Open data using AI for climate action

by Greg Lipstein

This is a follow-on post to a previous summary of the ways that organizations are using AI for climate action. It consolidates a range of real-world datasets from DrivenData challenges for anyone looking to get hands-on experience.

Climate change poses a massive challenge, with far-reaching impacts. Many data scientists and developers are aware of the need for action and are interested in finding problems to take on. At the same time, it can be hard know where machine learning and AI are actually needed by organizations, and what skills to build to be part of the solution.

In our previous post, we summarized 5 ways organizations are using AI for climate action. They included:

  1. 💧 Managing natural resources
  2. 🌪️ Disaster resilience
  3. 🐒 Biodiversity conservation
  4. ⚡ Energy efficiency
  5. 🛰️ Upstream enablers

These areas were distilled from over 20 machine learning competitions over the past few years, with more than $1 million awarded to developers of the top-performing approaches. They reflect problems where public, private, and social sector organizations are actively investing in developing better algorithmic solutions.

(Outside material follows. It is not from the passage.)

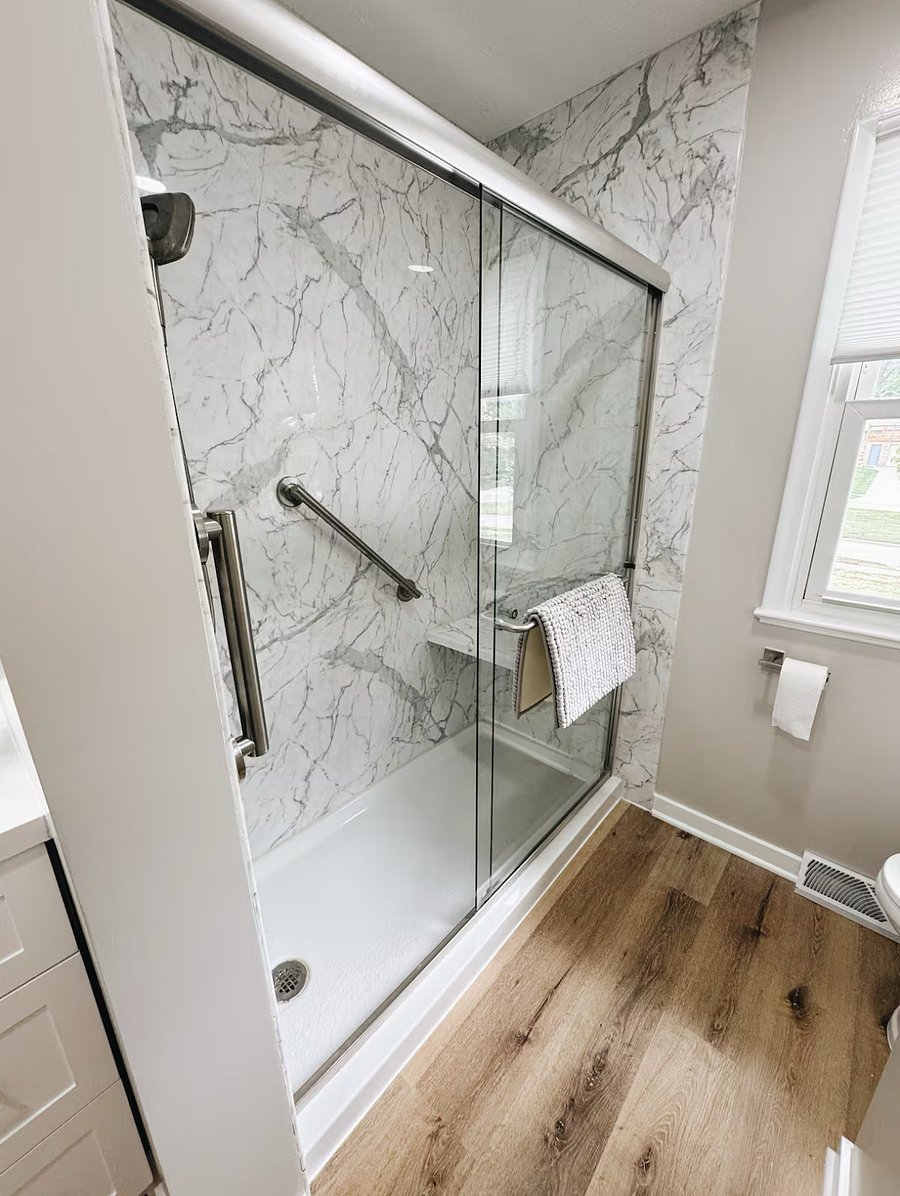 Main floor bathroom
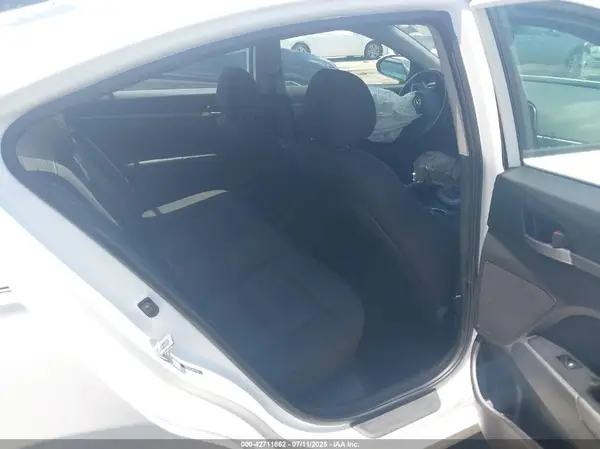 5NPD84LFXHH177395 2017 HYUNDAI ELANTRA - Image 8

As the costs of climate change continue to mount, efforts in these areas will also increasingly need more good people trained with relevant skills and experience to help take on the critical opportunities that arise.

In this post, we recap each area above and pull together applied use cases where partners have made datasets openly available for ongoing practice and learning. Each project includes links to the data, challenge, and winning solutions for anyone looking to get more experience working in these domains.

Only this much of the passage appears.